Botti di fine d’anno: maxisequestro a Ostia

«Kamikaze», «Red Plum», «Fontana di Trevi», «Bengala Orchidea», «Cuckoo», «Rondò cinese», «Picchio», «Codino matto», «Cono diamante», «Cascata di bengala», «Pioggia scoppiettante». Nomi che appaiono, tutto sommato, rassicuranti, dietro i quali, però, si nascondeva una quantità impressionante di esplosivo capace di sbriciolare in pochi secondi un intero edificio di sette piani. Tremilacinquecento chilogrammi di fuochi d’artificio illegali bloccati dalla Guardia di Finanza di Ostia. Oltre centottantamila pezzi sequestrati dal nucleo speciale dei baschi verdi tra il Lido di Roma, Torvaianica, Ardea e Fiumicino in questi giorni, per un valore commerciale di un milione e mezzo di euro e pronti per essere smerciati nei mercatini improvvisati per la fine dell’anno. Dodici le persone denunciate, fra le quali un cittadino cinese, per detenzione di materiale esplodente, «artifizi pirotecnici di quarta e quinta categoria». Ovvero: fuorinorma e, soprattutto, pericolosi. «Un’attività - sottolinea il capitano Augusto Dell’Aquila, comandante della compagnia Ostia delle Fiamme Gialle - intesa soprattutto a scongiurare il pericolo di incidenti nella notte di San Silvestro, purtroppo molto spesso gravi». Le indagini dei finanzieri, avviate da settimane in vista delle festività natalizie, si sono concentrate sull’individuazione dei canali di rifornimento del mercato illegale, spesso alimentato da ingenti importazioni dalla Cina. Il metodo? La verifica degli standard di sicurezza secondo le norme vigenti in materia di «giochi pirotecnici». Manco a dirlo, etichetta a parte, quasi nessuno dei prodotti «Made in China» individuati poteva essere considerato innocuo. I test e le prove eseguite dagli esperti, in particolare, hanno appurato che i «fuochi» avevano un peso, una tempistica e una modalità di scoppio diversi da quanto consentito dalla legge. Un esempio? Alcuni di essi avevano un effetto esplosivo superiore a quanto previsto, altri un ritardo di scoppio (il tempo tra l’accensione e l’esplosione) di gran lunga inferiore a quello indicato nelle schede tecniche (false) di autorizzazione.

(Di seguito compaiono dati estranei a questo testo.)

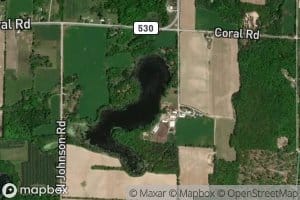 Horseshoe Lake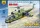 Zvezda - Mil Mi-24A Hind 1:72 (7273) repülő makett
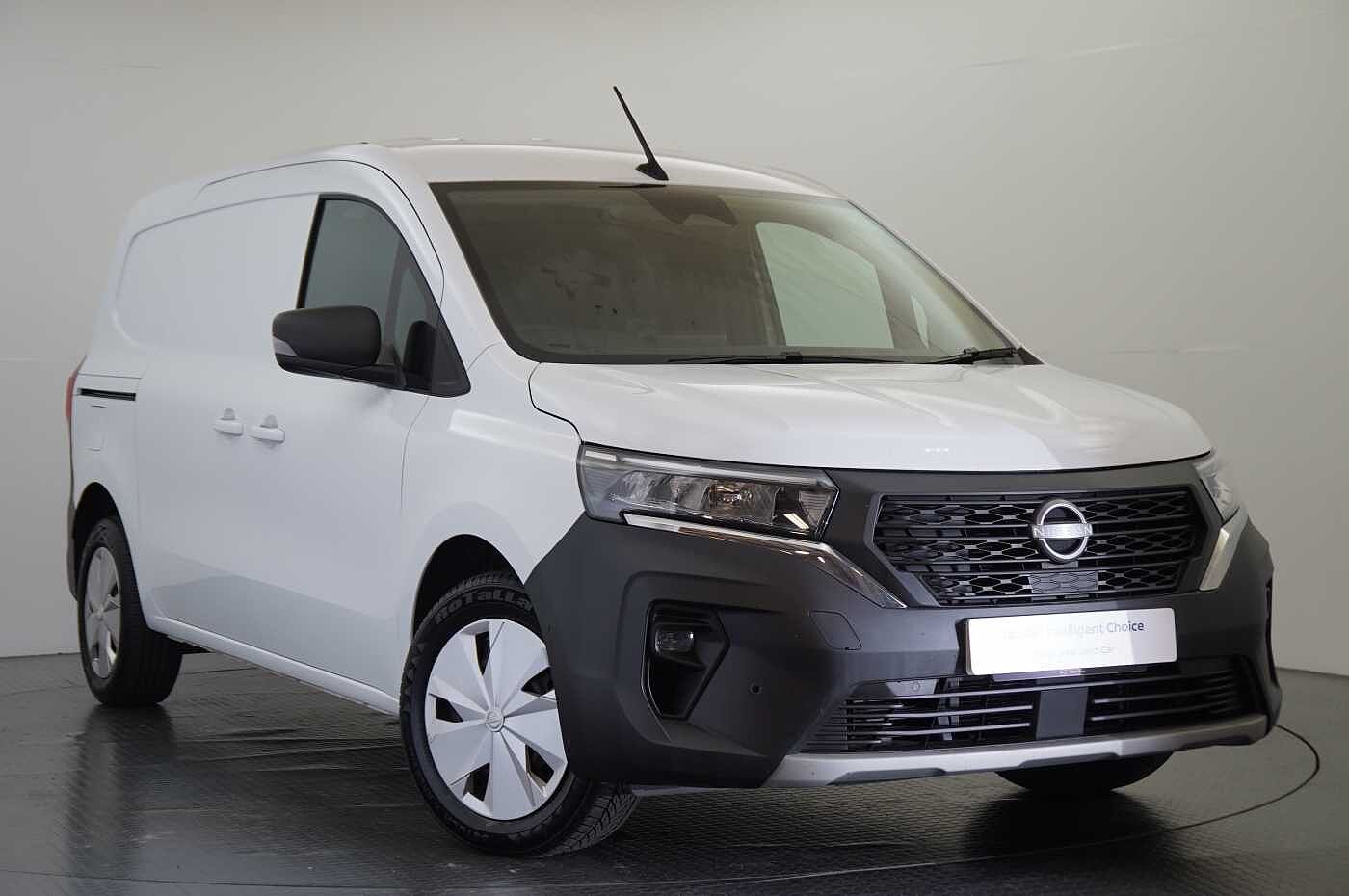 Main listing image - Nissan Townstar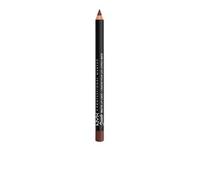 Nyx Professional Make Up Suede Matte Lip Liner Cold Brew 3,5g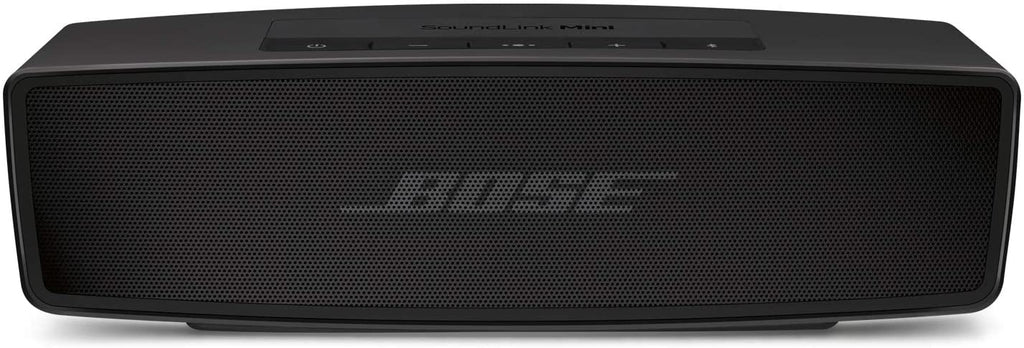 Bose SoundLink Mini 2 outlets Bluetooth Speaker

Insidioso il sistema architettato dai responsabili per ingannare i consumatori: ogni pezzo aveva una targhetta simile a quella originale riportante gli estremi del provvedimento legittimante la «libera vendita» pur non essendo mai stati autorizzati in Italia e non rientrando nella lista dei fuochi declassificati (che possono essere immessi in libera vendita in quanto non appartenenti alle categorie più pericolose).